Diffusion

CS180, Joshua Liao

Playing with Diffusion Models

Part 0: Setup

In this project, we use the DeepFloyd IF diffusion model, a two stage model trained by Stability AI.
The first stage takes in a text prompt, and outputs a 64x64 image. The second stage takes in a 64x64 stage and upsamples it to 256x256.
The main parameter that can be adjusted is num_inference_steps, which controls how many "denoising steps" to take. The high level summary is that a diffusion model is trained to remove noise from an image, and it "generates" novel images by taking some number of denoising steps on complete noise. (You can think of noise for images as more and more grainy images). More steps means higher quality, but more computation time.
Below, you can see three different prompts to the diffusion model, in increasing number of denoising steps.
We use seed=18010 (which is also used for the rest of the project).

'a man wearing a hat',
steps = 5

'an oil painting of a snowy mountain village',
steps = 5

'a rocket ship',
steps = 5

'a man wearing a hat',
steps = 10

'an oil painting of a snowy mountain village',
steps = 10

'a rocket ship',
steps = 10

'a man wearing a hat',
steps = 20

'an oil painting of a snowy mountain village',
steps = 20

'a rocket ship',
steps = 20

'a man wearing a hat',
steps = 40

'an oil painting of a snowy mountain village',
steps = 40

'a rocket ship',
steps = 40

Comments

In the lowest level of steps (5), you can see the repetitive texture that hasn't been smoothed out. Diffusion models generate from pure noise, but the fact that the texture covers the entire image seems to suggest that this pattern isn't from the noise, but the unrefined textures introduced by the model.
The higher levels of steps do have increased quality, but it quickly reaches diminishing returns. Interestingly, at the highest number of steps, the rocket ship prompt seems to regress, being more cartoon like. However, the other two prompts seem to get sharpened and more detailed.

Part 1: Sampling Loops

In the next few parts, we sample the DeepFloyd denoiser model for different applications.

1.1 Forward Process

As discussed earlier, diffusion models are trained to remove noise from an image. An important part of diffusion is adding noise. The forward process can be described by:
\( \begin{equation} x_t = \sqrt{\bar{\alpha_t}}x_0 + \sqrt{1 - \bar{\alpha_t}}\epsilon \end{equation} \)
Where \( \epsilon \sim N(0, 1) \), and \( \bar{\alpha}_t \) are hyperparameters that control the variance and mean over time. In this project, we use DeepFloyd's hyperparams.
Below, a visual example of the forward noise is shown.

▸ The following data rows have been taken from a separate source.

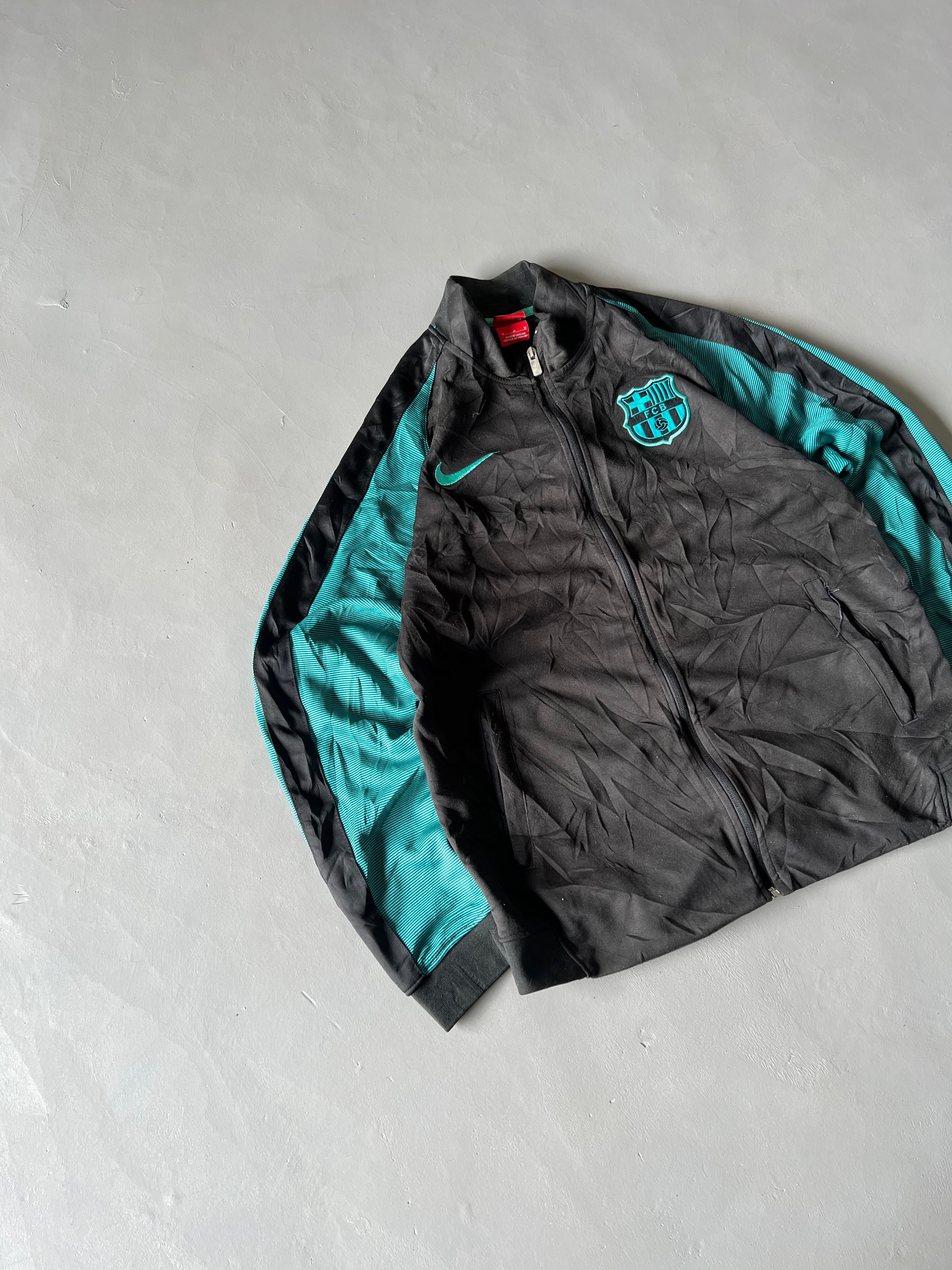 BARCELONA FC JACKET
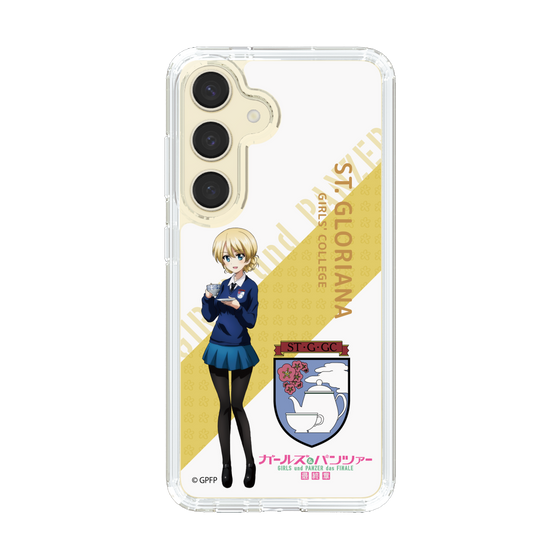 Slim Protection Case［ Girls und Panzer - Darjeeling - Rounded Font ］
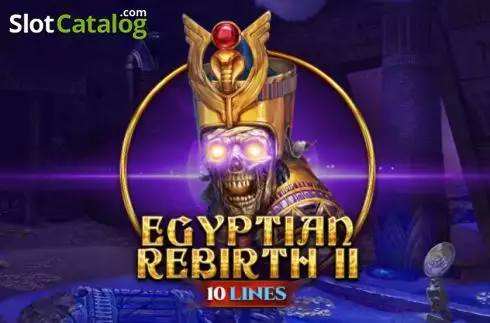 Egyptian Rebirth II 10 Lines Λογότυπο Egyptian Rebirth II 10 Lines Λογότυπο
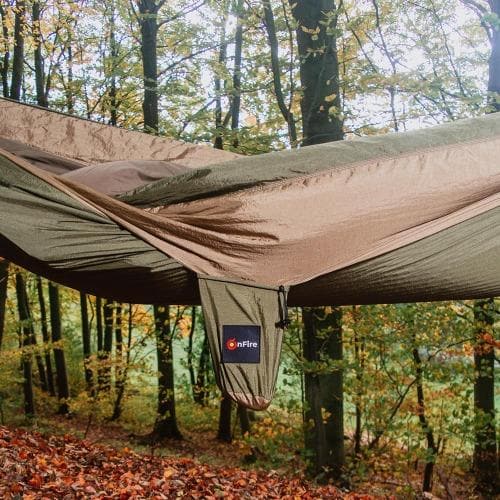 XXL-Outdoor-Hängematte für Biwak, Camping, Outdoor | OnFire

A 64x64 image of the Berkeley Campanile.

250 steps of noise.

500 steps of noise.

750 steps of noise.

1.2 Classical Denoising

Classical denoising uses blurring, applying a low frequency filter, typically Gaussian. Noise is usually some high frequency perturbations that we hope blurring will remove. This doesn't work well with higher levels of noise. Below, you can see examples of Gaussian blurring applied until most of the noise is not observable (chosen by manual inspection).

250 steps of noise.

500 steps of noise.

750 steps of noise.

Gaussian filter to 250 steps; kernel len 23, \( \sigma = \frac{23}{6} \)

Gaussian filter to 500 steps; kernel len 31, \( \sigma = \frac{31}{6} \)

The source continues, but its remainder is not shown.